When a typically-sized star (large enough to collapse into a black hole) rotating at a typical speed collapses into a ring singularity, how fast does the ring rotate (in terms of revolutions per second)? Also, what's the diameter of the ring?

What would the rotational speed and diameter of the ring be for a humongous star, such as VY Canis Majoris?

Also, in both cases: What would the dimensions and shape of the event horizon be?

 

[phyzguy]

Rotating black holes are described by the Kerr metric. Here's a good link to get started, and here's a nice paper with more detail. The event horizon of a Kerr black hole is still spherical, but there is an oblate spheroidally shaped surface called the ergosphere which is outside the event horizon. Between the ergosphere and the event horizon, everything must co-rotate along with the black hole.

The event horizon is rotating as though it were a solid body, so can be characterized by an angular velocity or rotation rate in RPM. For a 10 solar mass black hole rotating at the maximal rate, it is rotating at about 10^4 radians/second or about 10^5 RPM. Larger black holes will rotate at lower RPM rates, but at the maximal rotation rate, a point on the equator of the event horizon is always rotating at 1/2 the speed of light.

 

[Warp]

The event horizon is rotating as though it were a solid body

I don't really understand this. The event horizon does not consist of matter (or even any kind of energy, if I understand correctly). It's simply a zone in spacetime which geometry has certain characteristics. There's "nothing" there to rotate. (Rotation would imply that something physically moves around the central axis.)

Perhaps what you meant is that spacetime geometry at the event horizon is the same as if the event horizon were a physical massive surface that rotates? (The difference between a non-rotating and a rotating black hole can be determined by this difference in spacetime geometry, and said difference is caused by so-called frame dragging.)

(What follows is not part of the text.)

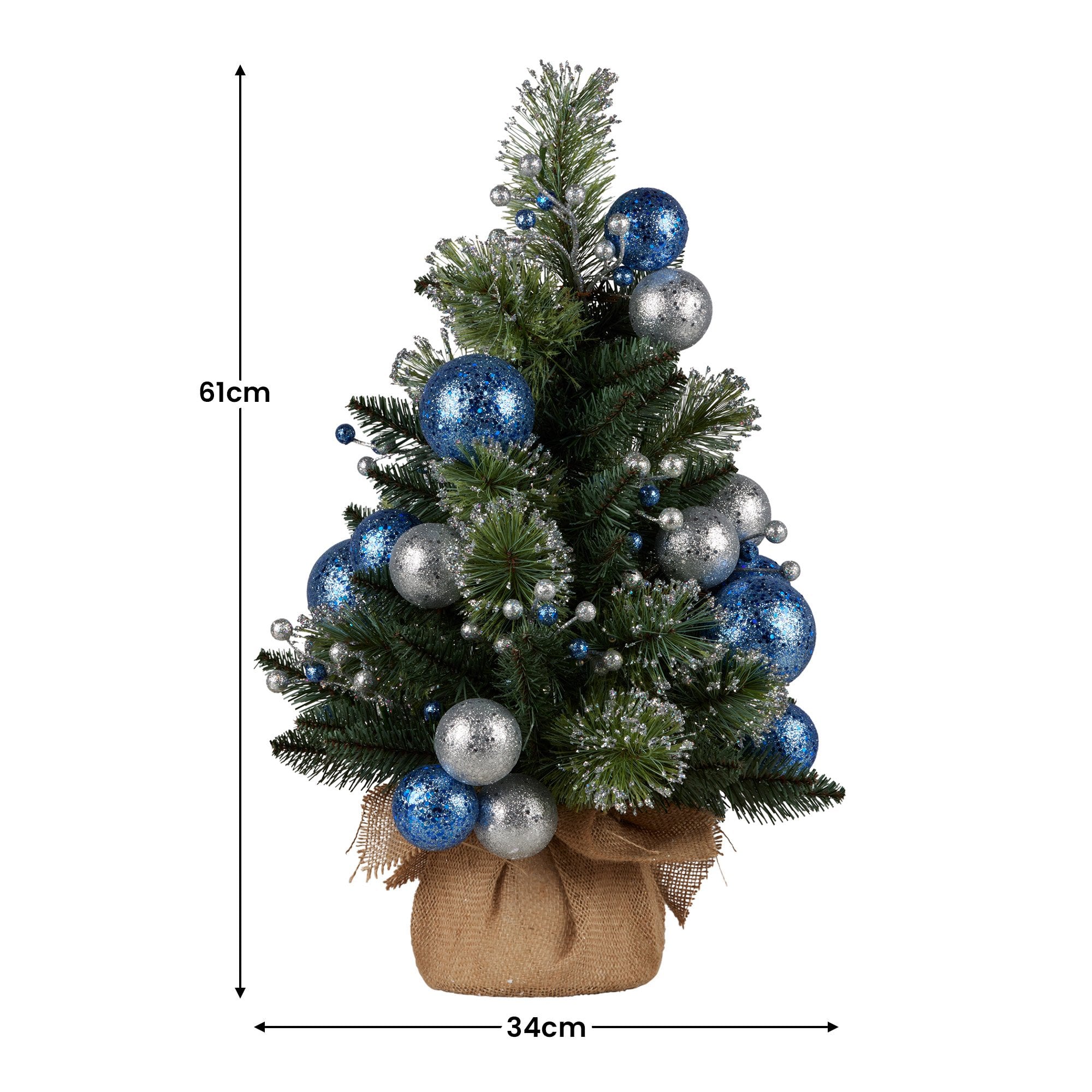 61cm Blue Collection Tabletop Pre-Lit Christmas Tree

In this sense, does the event horizon "rotate" at a different speed than the ring singularity?

 

[phyzguy]

You're right of course - hence the phrase "as though" I didn't mean to imply there was anything there to rotate, I was just trying to answer your question about rotation speed. As far as any reference to the "ring singularity", we don't really have a working theory for what is inside the event horizon, so I don't have any comment.

 

[timmdeeg]

The event horizon does not consist of matter (or even any kind of energy, if I understand correctly). It's simply a zone in spacetime which geometry has certain characteristics. There's "nothing" there to rotate. (Rotation would imply that something physically moves around the central axis.)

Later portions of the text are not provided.